I can send in any log that will shed light of this behavior, but spending the last 2 months rolling my own "auto-layout" mechanism, believe me I know when window-size is getting wrong.
The snippet I used, is where the problem affects the user --- there is some split-view with several internal "panels" (sub-views) and one of them is automatically collapsed (because the split-view becomes too small for all the panels in their min-size). I have min/max sizes all the way down. So it's really weird for a user to have one panel auto-collapse, when enlarging the window to full-screen.
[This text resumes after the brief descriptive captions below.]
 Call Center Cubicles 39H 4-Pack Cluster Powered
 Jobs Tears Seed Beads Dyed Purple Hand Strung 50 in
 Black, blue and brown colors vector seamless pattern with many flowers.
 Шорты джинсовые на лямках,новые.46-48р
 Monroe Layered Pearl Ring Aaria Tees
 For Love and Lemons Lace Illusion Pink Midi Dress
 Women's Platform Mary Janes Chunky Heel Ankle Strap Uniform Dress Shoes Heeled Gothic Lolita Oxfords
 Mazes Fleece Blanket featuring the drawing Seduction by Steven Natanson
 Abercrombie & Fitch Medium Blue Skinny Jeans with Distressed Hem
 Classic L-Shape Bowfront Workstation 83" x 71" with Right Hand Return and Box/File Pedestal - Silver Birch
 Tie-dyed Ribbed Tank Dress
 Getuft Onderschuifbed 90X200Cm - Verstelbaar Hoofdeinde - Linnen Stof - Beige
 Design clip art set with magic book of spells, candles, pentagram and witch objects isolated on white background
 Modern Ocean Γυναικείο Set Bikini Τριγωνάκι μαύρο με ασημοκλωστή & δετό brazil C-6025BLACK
On 22 ביול 2012, at 20:22, Quincey Morris wrote:
> On Jul 22, 2012, at 02:00 , Motti Shneor wrote:
>
>> - (NSSize)windowWillResize:(NSWindow *)sender toSize:(NSSize)frameSize {
>> NSSize min = [sender minSize];
>> NSSize max = [sender maxSize];
>> if (frameSize.width > max.width ||
>> frameSize.height > max.height ||
>> frameSize.width < min.width ||
>> frameSize.height < min.height)
>> return sender.frame.size;
>> else
>> return frameSize;
>> }
>
> AFAICT this implementation doesn't do anything. As was mentioned in another thread yesterday or the day before, and in the class documentation, the min/max constraints have already been applied when this method is called, so re-testing the constraints is pointless.
>
You're right. This was only debug-code to let me see if this delegate gets called with lower-than-minimum size, and if its implementation could save me in transition-time to full-screen. Unfortunately, it doesn't
> Of course, that doesn't explain how the window gets smaller than it should be.
>
> (Also, it seems wrong to return sender.frame.size, since that would prevent the window from actually getting pinned to the limits enforced by this method, if there were any.)
>
See above.
> (Also, if you're using min/maxContentSize as shown in your other code sample, you should check that everywhere rather than min/maxSize in some places. The documentation says the min/maxContentSize constraint "overrides" min/maxSize, not "sets" it.)
As explained above, I have a whole mechanism for that. Every module calculates its own min/max size from its own constraints and its sub-module constraints, and "reports" it up. This is done recursively, and the window's contents view is just at the top.
>
>> 2012-07-22 11:44:01.178 AT&T Connect[19369:407] Window min content size:{1001, 579} current size {1001, 517}
>>
>> As you can see, my window is forced to get to 517 pixels height, despite my imposed minSize of 579 pixels, and in spite of the implementation you suggested.
>
> It would be slightly more reassuring to log all of the window's size, with min and max, as well as the content size, with min and max, as they are this moment in execution.
>
> Incidentally, NSWindow's 'setFrame:display:' is documented to ignore the min/max sizes. Is there any place you're calling this yourself?
Nope. Never. My windows are plain NSWindow instances until now, but I could create a subclass, for the sake of pinning down a "setFrame:display:" with lower-than-min size, just to prove it happens.
One thing you say raises a question, though. How can minContentSize: "override" the "minSize" ? these are two different sizes, isn't it?. I'm using setContentMinSize because I don't know how to calculate the "minSize" which also depends on the presence of tool-bar, title-bar and other window parts that can change with versions of the OS. Am I wrong here? should I directly call setMinSize/setMaxSize on my windows?
I assumed that the window's minSize is calculated from its contentMinSize, plus the other parts of the window.